Best Butter Substitutes for Cakes

Pick substitutes that preserve tenderness, aeration, and even rise in cake batters. Cake structure depends on balanced fat, sugar, and hydration. Wrong swaps can create a dense or dry crumb.

Reviewed by CupOrGram Editorial TeamData methodology: NIST-derived density references + recipe testing notesMethodology

Can I make a cake without butter?

Yes. Start with Coconut Oil at 1:1 by weight, then adjust liquid or bake time in small steps after a test batch.

Top Recommendation

Coconut Oil

Use 1:1 by weight

Similar solid/melted behaviour. Adds subtle coconut flavour. Works well in cookies and quick breads.

See full adjustment notes →

Alternative Options for Cakes

Search Questions This Page Answers

Can I make a cake without butter?

Yes. Start with Coconut Oil at 1:1 by weight. Similar solid/melted behaviour. Adds subtle coconut flavour. Works well in cookies and quick breads.
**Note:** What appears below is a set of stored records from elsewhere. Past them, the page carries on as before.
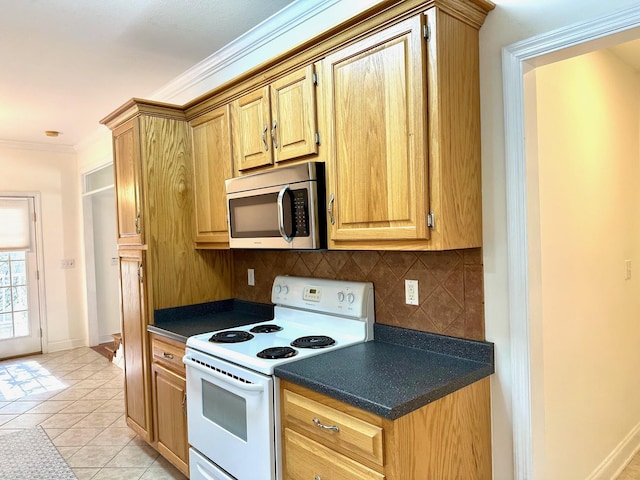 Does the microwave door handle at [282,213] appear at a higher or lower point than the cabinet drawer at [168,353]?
higher

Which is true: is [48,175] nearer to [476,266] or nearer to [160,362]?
[160,362]

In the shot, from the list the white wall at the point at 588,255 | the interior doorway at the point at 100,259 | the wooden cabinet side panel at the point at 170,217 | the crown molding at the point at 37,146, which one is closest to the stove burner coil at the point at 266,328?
the wooden cabinet side panel at the point at 170,217

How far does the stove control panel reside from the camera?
214cm

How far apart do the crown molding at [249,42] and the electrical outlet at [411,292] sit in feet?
4.74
What can I use instead of butter for cake?

Top options are Coconut Oil (1:1 by weight) plus Ghee (Use slightly less (7/8 ratio) since ghee is 100% fat) and Applesauce (1:1 (reduces fat significantly)).

Best butter substitute for cake?

Coconut Oil is the top pick here. Use 1:1 by weight and adjust only after a test bake.

How do I substitute butter in cake batter?

Replace using 1:1 by weight, mix as usual, then tune liquid and bake time in small steps if needed.